Eustacia Cutler
Eustacia Cutler, Temple Grandin’s mother, earned a B.A. from Harvard, was a band singer at the Pierre Hotel, New York City, performed and composed for NYC cabaret, and wrote school lessons for major TV networks. Her research on autism and other disabilities created the scripts for two WGBH television documentaries: The Disquieted and The Innocents, a prize-winning first. Her 2006 book, A Thorn in My Pocket, describes raising Temple in the conservative world of the ’50s when autistic children were routinely diagnosed as infant schizophrenics.
Her latest book, Autism Old As Time, is a collection of essays written to take the reader on a journey through history, examining the impact of autism on the opinions and solutions of writers, poets, and other prominent individuals from the early 19th century through today. While her first book described raising Temple, this book describes the journey that Ms. Cutler took as she came to terms with autism in her life and saw our ever evolving capacity, as individuals and as a society, to keep re -inventing ourselves. She looks at autism from the point of view of the phoenix: that ancient symbol of culture renewing itself.

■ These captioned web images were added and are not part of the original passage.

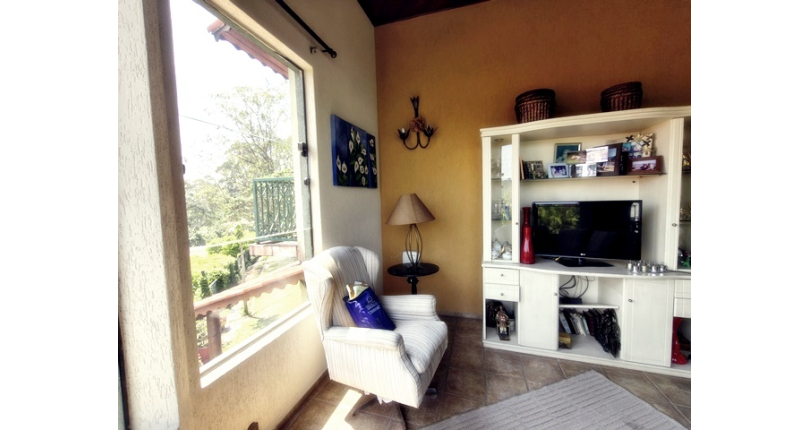 Linda Casa de Condomínio com Conforto e elegância à venda no Bairro da Chácara Jaraguá na Rua Santana do Araguaia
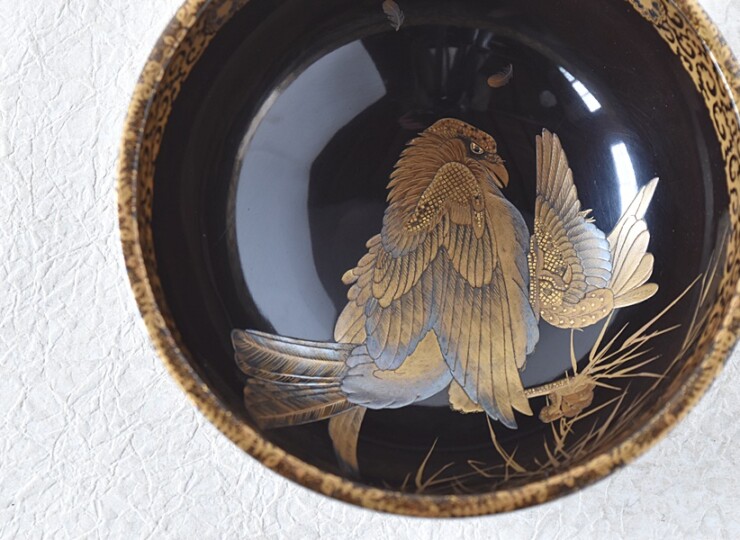天然木製漆塗 鷹金銀高蒔絵 蛸唐草 金蒔絵 菓子器 - 生活骨董と古布の
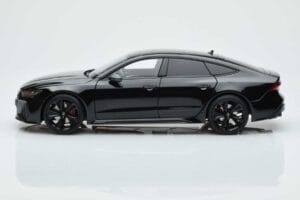 Audi RS7 C8 Sportback Sötét Kengfai 1:18 VAKF-0331 Gyanta – 4. kép a 7-ből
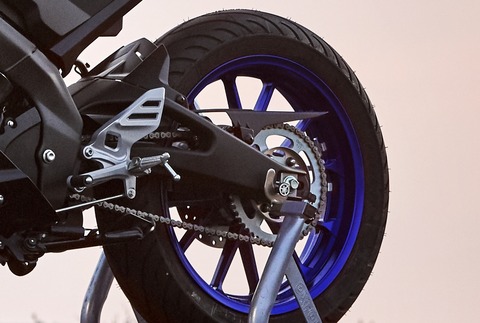 2019-Yamaha-YZF-R125-EU-Yamaha_Blue-Detail-004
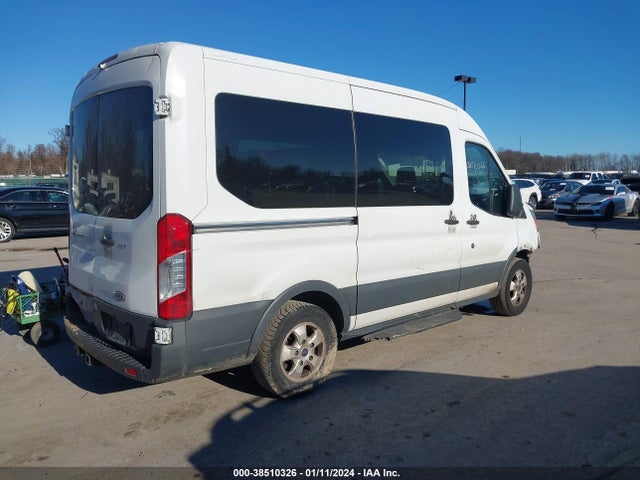 Ford Transit-150 Xlt 2017 1FMZK1CM3HKA97518 Image 4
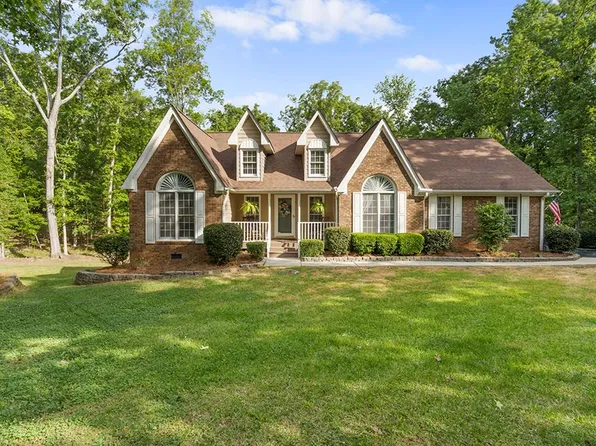 119 Pucketts Pointe Rd, Greenwood, SC 29649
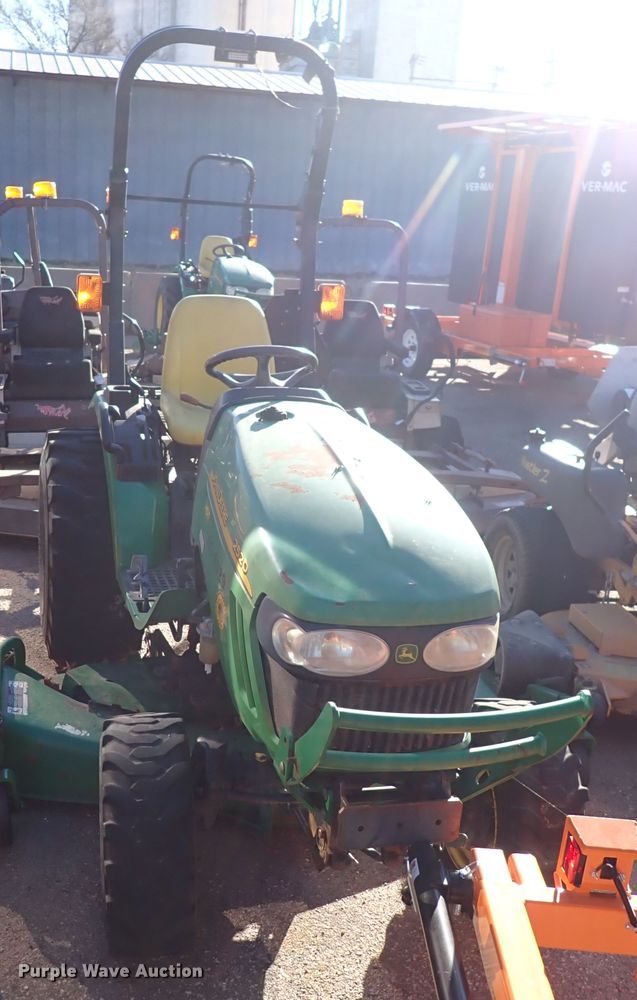 image for item DI1814 2009 John Deere 2520  MFWD tractor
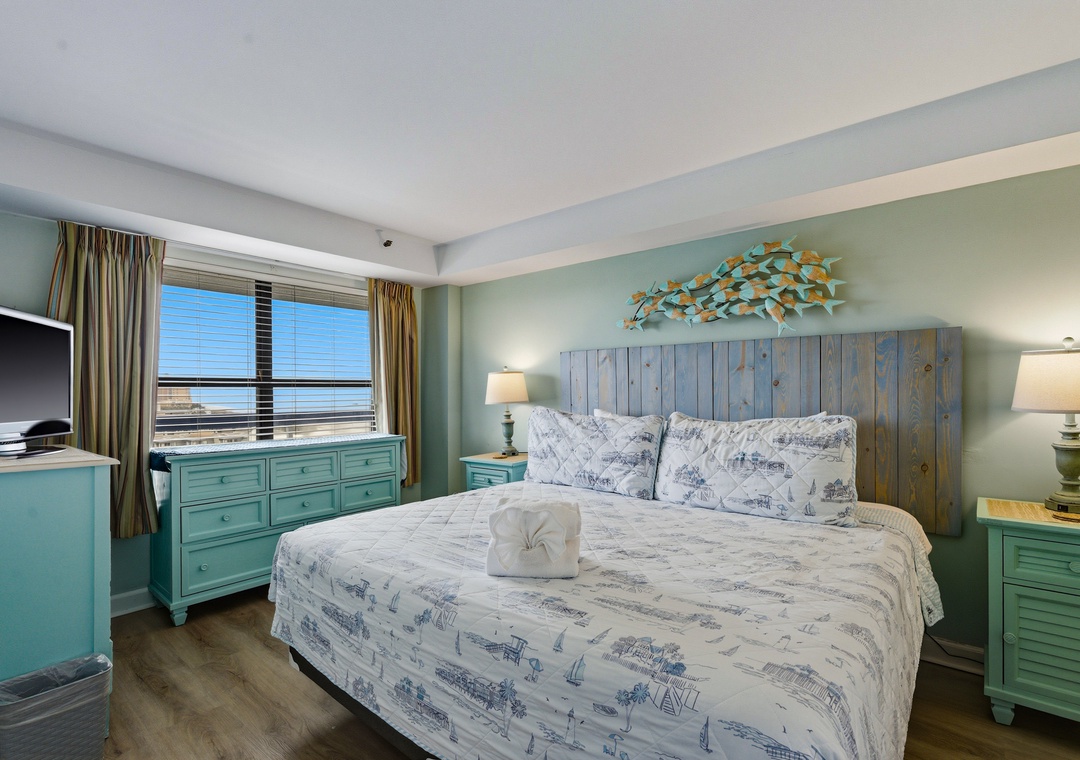 Bedroom 1: King bed—unwind in comfort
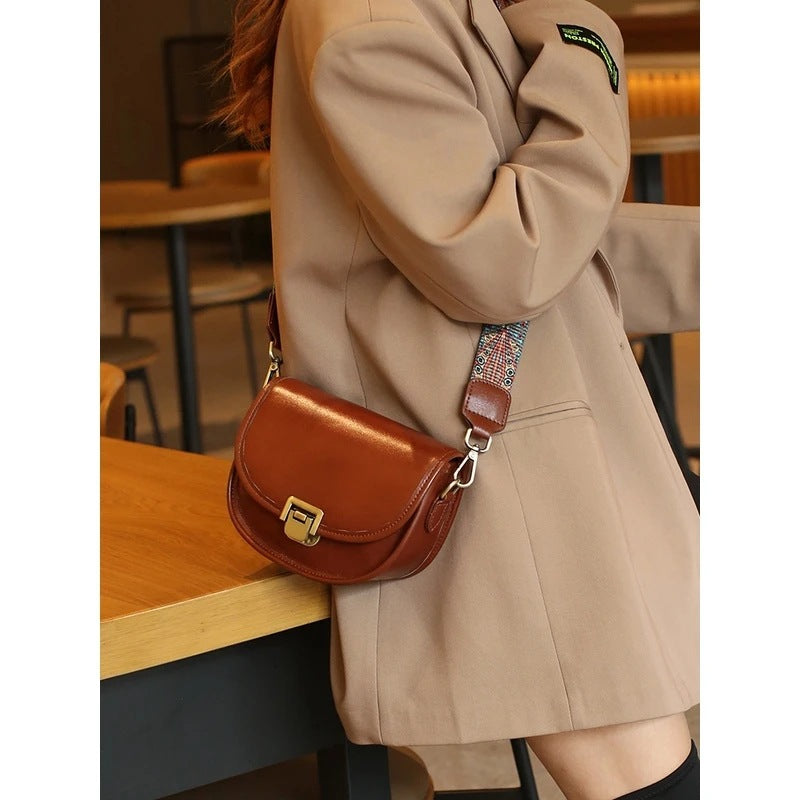 Vegetable Tanned Top Layer Cowhide Shoulder Bag Girl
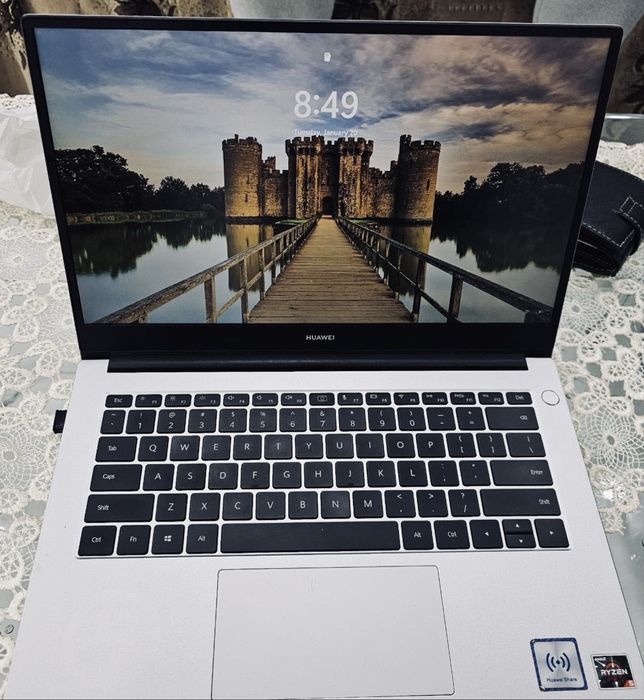 Huawei Metebook D 14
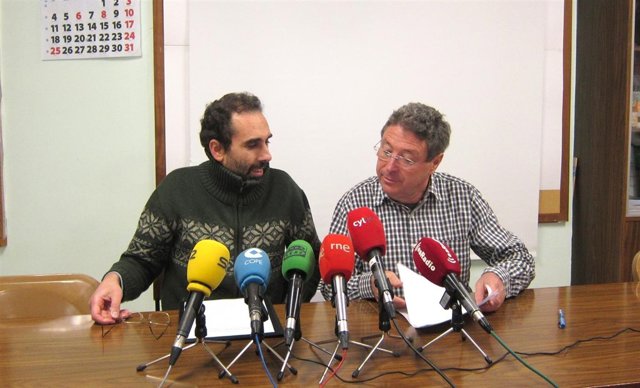 Miguel Ángel Ceballos (i) y Luis Oviedo (d) durante la rueda de prensa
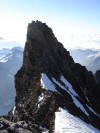 Il gendarme di quota 3915 m all'uscita dal couloir Sud all'Lauteraarhorn.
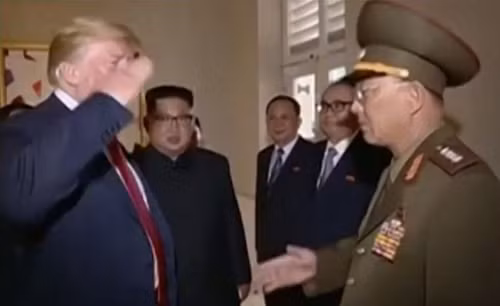 Tổng thống Trump chào Tướng Triều Tiên kiểu nhà binh gây sốt cộng đồng mạng ảnh 1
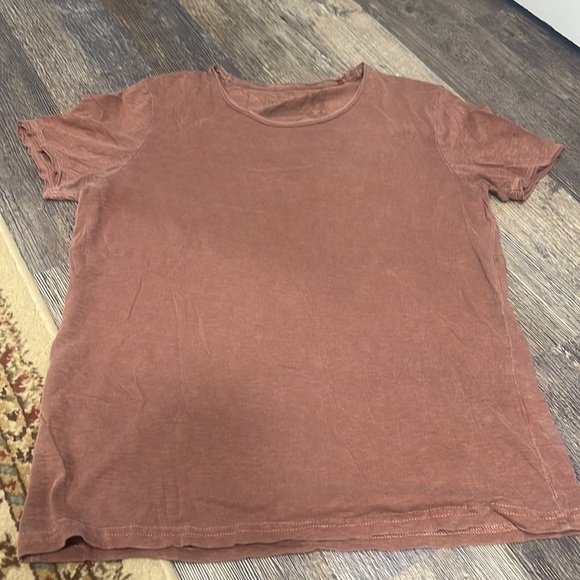 2 Mavi t shirts - Picture 2 of 9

Ms. Culter has also hosted a series of Conversations with Eustacia Cutler where she interviews autism experts from around the world. These can viewed on the Temple Grandin Eustacia Cutler Autism Fund website.
Today Cutler lectures nationally and internationally on autism and its relation to the rapidly emerging bio-neurological study of brain plasticity. She discusses what causes rigid behavior in autism, the toll it takes on the family, and how current research into the neural nature of consciousness is pointing toward insightful possibilities of change.